Split into three in March, and all have survived. I find the trick is not to give them too much water. That kills them off. Let them dry out completely and then water very sparingly and they will give a stunning display. They are not yet anywhere near their best. 

Neither am I, after a pretty desperate week, with a spell in hospital which knocked the stuffing out of me. I feel frightened and depressed at the hopelessness of my situation, and have not been here much at all. I have done a few things today, but it is a struggle to keep positive. A bottle of beer will help; maybe a Newcastle Brown Ale. They said to restrict fluid intake because of my low sodium levels, so maybe half a bottle. 

Hope to have a new post in the next day or so. 

RESPONSE TO COMMENTS: Thank you all for your positive support and comments on this post, and apologies for sounding so down.
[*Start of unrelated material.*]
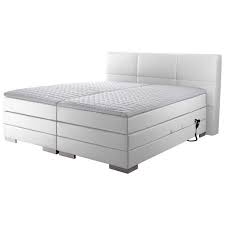 Matratzen online kaufen von sehr guter qualität und komfortzonen für optimalen schlafkomfort. Boxspringbett Prinz Lederlook Elektrisch Verstellbarer In Weiss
Things such as the Blue Leia provide interest to keep me going for now, but for the past week I have felt very much in limbo, a bit like in your final year at school when you are waiting to discover what will happen to you regarding jobs or continued education. I have to keep fighting. 


Monday, 28 April 2025

Brain Inflammation

I am in two minds about these health posts, and not everyone wants to read them, depressing subject that it is. On the one hand, I don’t really want to talk about it, but I have found similar posts by others helpful and informative. Doctors talk about symptoms and treatments, but they rarely experience them first-hand. Bloggers have. They share parts of their lives with you, and you are concerned for them. And, like with medical reality programmes on television, I suppose some of us wonder how we would cope in these situations. The supportive comments are therapy in themselves. Thank you everyone. 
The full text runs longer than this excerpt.